Before the company processes data internally, various sources ship raw data sets via hard drives sent by overnight delivery or some other means. “We take all these different data assets and create data structures, so when the customer looks up [a particular] property, he has the profile he needs,” Levine explains. That applies regardless of whether it’s weather patterns or available resources in the area being examined.

The data Geostellar collects isn’t moved within the cloud because of its large size. “We’ve got these very large files—imagery, surface models, databases, etc.—and we have to aggregate all of this information,” Levine says. “And people are still shipping that to us on hard drives because of the bandwidth.”

Once processing of the data is complete, Geostellar streams it over to the cloud, and then customers can access and interact with the data from there. “We [and customers] can work with data in the cloud because we’ve already created all these interrelated structures,” Levine says.

Over time, Geostellar has developed its process of gathering and analyzing large volumes of information, producing connected spatial-relational data sets and then moving the data from its data centers to the cloud.

The company now operates two separate infrastructures, a highly efficient processing system that includes solid-state hard drives and powerful, dedicated servers, and a virtualized, cloud-based environment used for managing the information it produces through computation.
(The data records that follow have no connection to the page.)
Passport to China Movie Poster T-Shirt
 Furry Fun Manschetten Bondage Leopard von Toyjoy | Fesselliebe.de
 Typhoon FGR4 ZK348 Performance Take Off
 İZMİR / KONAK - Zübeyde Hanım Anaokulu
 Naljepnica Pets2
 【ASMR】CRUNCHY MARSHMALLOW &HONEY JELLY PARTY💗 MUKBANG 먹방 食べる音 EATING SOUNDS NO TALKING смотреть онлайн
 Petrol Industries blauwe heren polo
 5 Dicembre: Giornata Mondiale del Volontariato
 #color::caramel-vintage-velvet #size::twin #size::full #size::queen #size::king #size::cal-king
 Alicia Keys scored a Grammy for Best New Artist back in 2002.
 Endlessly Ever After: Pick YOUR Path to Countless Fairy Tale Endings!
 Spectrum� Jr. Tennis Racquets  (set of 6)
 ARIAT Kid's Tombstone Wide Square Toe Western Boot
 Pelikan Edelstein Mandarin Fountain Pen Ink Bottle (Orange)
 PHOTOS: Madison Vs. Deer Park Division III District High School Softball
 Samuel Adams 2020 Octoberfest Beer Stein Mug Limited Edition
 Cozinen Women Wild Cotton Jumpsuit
The cloud is critical for distributing and providing access to this data, Levine says.

“Probably the biggest benefit of the cloud is that it’s much easier to manage capacity,” he says. You can stay ahead of whatever trends are happening.” There’s also resiliency in terms of long-term storage of the data.

The cost saving is another benefit. “It’s [the service provider’s] excess capacity we’re using, and the memory is cheaper than if we had procured our own systems and set up our own nodes,” Levine says.